Option 1: Disable Auto-Configuration#

import os
os.environ["ZEUSDB_DISABLE_AUTO_LOGGING"] = "1"

# Now configure your own logging before importing ZeusDB
import logging
logging.basicConfig(level=logging.INFO, format='%(message)s')

from zeusdb_vector_database import VectorDatabase  # Will respect your existing logging setup

Option 2: Programmatic Initialization#

import os
os.environ["ZEUSDB_DISABLE_AUTO_LOGGING"] = "1"

import zeusdb

# Initialize with JSON to console 
success = zeusdb.init_logging(level="info")

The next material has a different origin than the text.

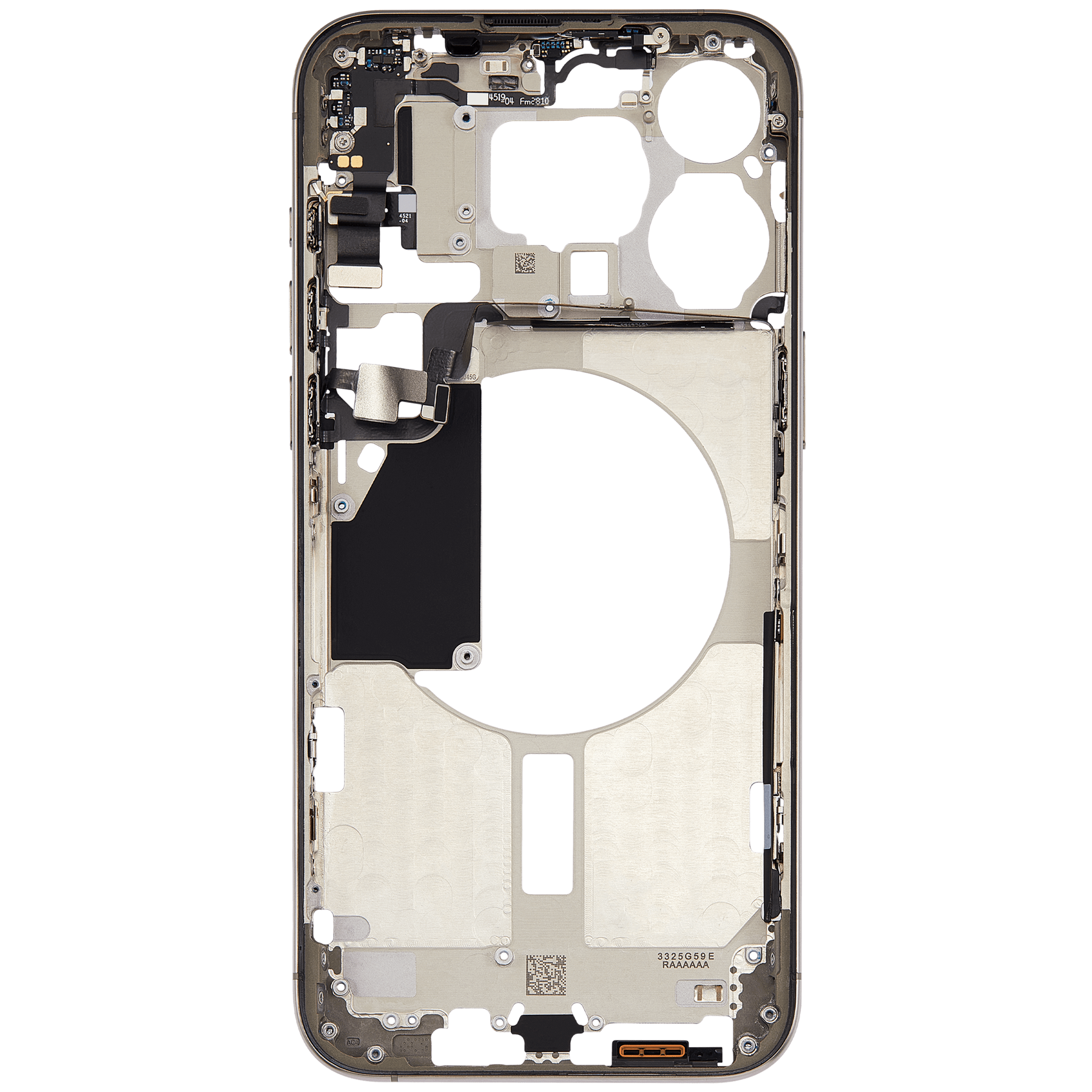 Mid-Frame Housing With Power And Volume Button Compatible For iPhone 15 Pro Max (US Version) (Used OEM Pull: Grade A) (Natural Titanium)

# OR initialize with file logging
success = zeusdb.init_file_logging(
    log_dir="/var/log/myapp",
    level="debug", 
    file_prefix="zeusdb"
)

# Then use normally
vdb = zeusdb.VectorDatabase()

Option 3: Custom Logger Integration#

import logging
import os

# Disable auto-configuration
os.environ["ZEUSDB_DISABLE_AUTO_LOGGING"] = "1"

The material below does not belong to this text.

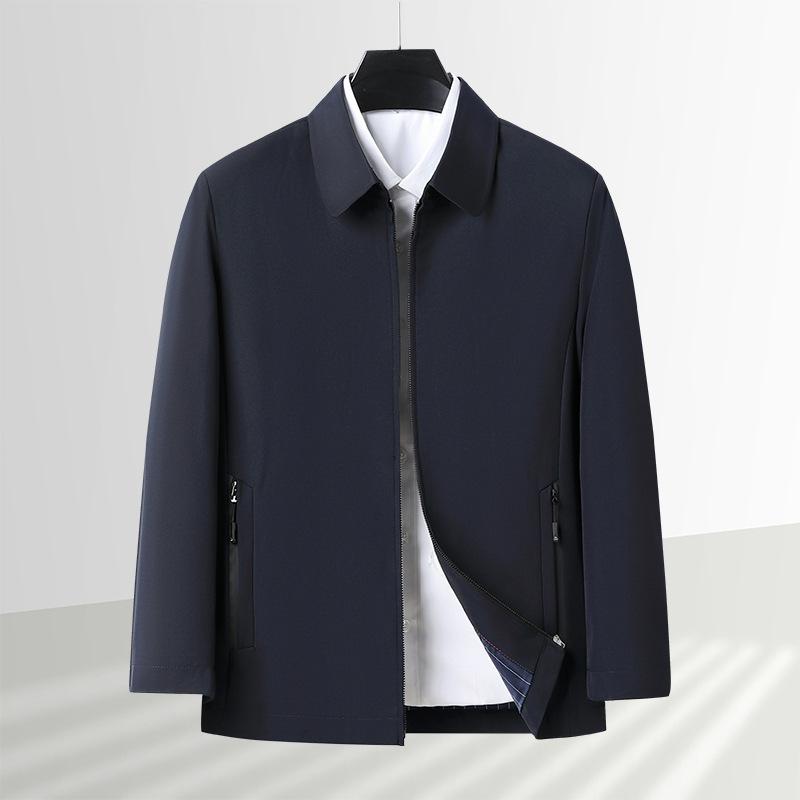 Autumn Jacket Business Casual Lapel Jacket Middle-aged and Elderly Simple Style Zipper Men's Executive Jacket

# Set up your own logger first
logger = logging.getLogger("myapp.zeusdb")
logger.setLevel(logging.INFO)

# Configure Rust logging to match
os.environ["ZEUSDB_LOG_LEVEL"] = "info"
os.environ["ZEUSDB_LOG_FORMAT"] = "json"

from zeusdb import VectorDatabase
# ZeusDB will integrate with your logging setup

📊 Log Output Examples#

Human-Readable (Development)#

2025-01-15 10:30:15 - zeusdb.vector - INFO - Index created: dim=1536, vectors=0
2025-01-15 10:30:16 - zeusdb.vector - INFO - Added 1000 vectors in 45ms
2025-01-15 10:30:16 - zeusdb.vector - DEBUG - Search completed: 5 results in 2ms

Structured JSON (Production)#

{"timestamp":"2025-01-15T10:30:15.123Z","level":"INFO","operation":"index_creation","dim":1536,"space":"cosine","duration_ms":12}
{"timestamp":"2025-01-15T10:30:16.456Z","level":"INFO","operation":"vector_addition","total_inserted":1000,"duration_ms":45}
{"timestamp":"2025-01-15T10:30:16.789Z","level":"DEBUG","operation":"search_complete","results_count":5,"duration_ms":2}

🔍 Monitoring and Observability#

Key Metrics to Monitor#

operation: Type of operation (index_creation, vector_addition, search, etc.)
duration_ms: Performance timing for all operations
total_inserted, total_errors: Success/failure rates
compression_ratio: Memory efficiency with quantization
training_progress: Quantization training status

Production Alerting Examples#

# Monitor error rates
grep '"level":"ERROR"' /var/log/zeusdb/app.log | wc -l

# Track performance degradation  
grep '"operation":"search"' /var/log/zeusdb/app.log | jq '.duration_ms' | avg

# Watch quantization training
grep '"operation":"pq_training"' /var/log/zeusdb/app.log | tail -f

🛠️ Troubleshooting#

Common Issues#

Logs not appearing?

# Check if auto-logging is disabled
echo $ZEUSDB_DISABLE_AUTO_LOGGING

# Verify log level
ZEUSDB_LOG_LEVEL=debug python -c "import zeusdb; print('Logging active')"

File logging not working?

# Check permissions
ls -la /path/to/log/directory

# Test with console first
ZEUSDB_LOG_TARGET=stderr ZEUSDB_LOG_LEVEL=info python your_app.py

Want to see Rust logs specifically?

# Enable trace level to see all Rust operations
ZEUSDB_LOG_LEVEL=trace python your_app.py

Performance Impact#

Minimal overhead: Structured logging adds <1% performance impact
Async file writing: File logging doesn’t block operations
Smart buffering: Logs are efficiently batched for performance

Best Practices#

Development#

export ZEUSDB_LOG_LEVEL=debug
export ZEUSDB_LOG_FORMAT=human

Staging#

export ZEUSDB_LOG_LEVEL=info
export ZEUSDB_LOG_FORMAT=json
export ZEUSDB_LOG_TARGET=file
export ZEUSDB_LOG_FILE=logs/zeusdb-staging.log

Production#

export ENVIRONMENT=production
export ZEUSDB_LOG_LEVEL=error  
export ZEUSDB_LOG_FORMAT=json
export ZEUSDB_LOG_TARGET=file
export ZEUSDB_LOG_FILE=/var/log/zeusdb/production.log

Logging stays out of the way when you don’t need it, but delivers full power and flexibility when you do. Most users never need to touch the settings, while enterprise teams can fine-tune every aspect of observability.